This is the first of Harrell’s RCA Victor CDs to present his superb quintet on the job. It is a worthy addition to the library of recordings made at the Vanguard by John Coltrane, Bill Evans, the Thad Jones-Mel Lewis band, Sonny Rollins and Gerry Mulligan, among others. Harrell does not play flugelhorn this time out, although the fullness and depth of his trumpet often give the impression of the bigger horn. His tonal blend with tenor saxophonist Jimmy Greene makes for a front-line sound that is uncanny in its unity. As the trumpeter reminds us on his “Blues in Una Sea” solo-and every other piece on the album-he is an independent thinker in his playing as well as in his writing, and he intertwines the two elements.

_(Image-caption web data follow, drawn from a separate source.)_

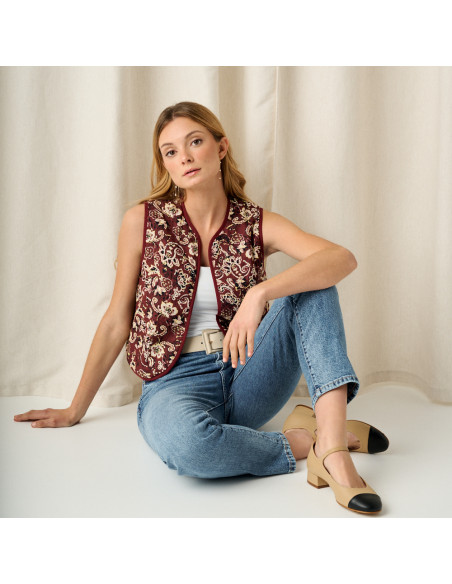 Charlotte beige Mary Jane avec un modèle assis par terre, une jambe croisée par-dessus l'autre - MONPIEL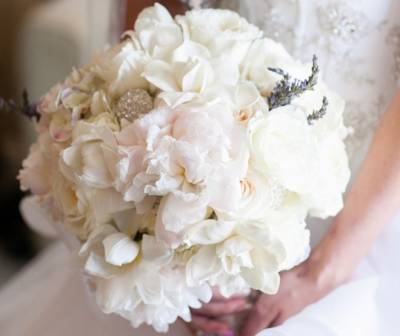 Білі квіти у весільному букеті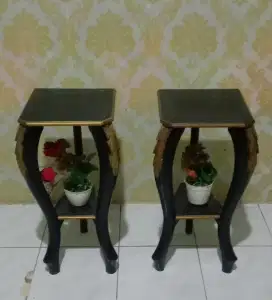 Meja salon aktif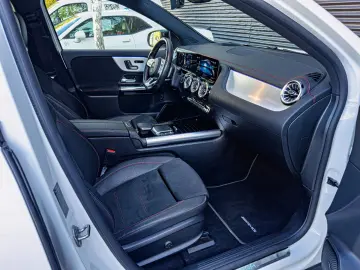 EQA 300 4Matic PANO.NIGHT.MEMORY.360 HUD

Most of Live at the Village Vanguard consists of new Harrell compositions. A Harrell song is likely to be demanding in harmonic structure, melodic shape, time signature or all three elements, but disguise its rigors with beauty and logic that leave the listener unaware of the underlying complexities. Harrell does not write pieces riding along on obvious changes that encourage facile licks by improvisers. His originality manifests itself in various ways on “When the Rain Begins,” “A Child’s Dream” and “Asia Minor.” Harrell wrote “Design” with Ornette Coleman in mind, but its lines are not approximations of the saxophonist’s writing. “Manhattan, 3 a.m.” is a tone poem for horns and piano supporting an extended bass solo by Ugonna Okegwo.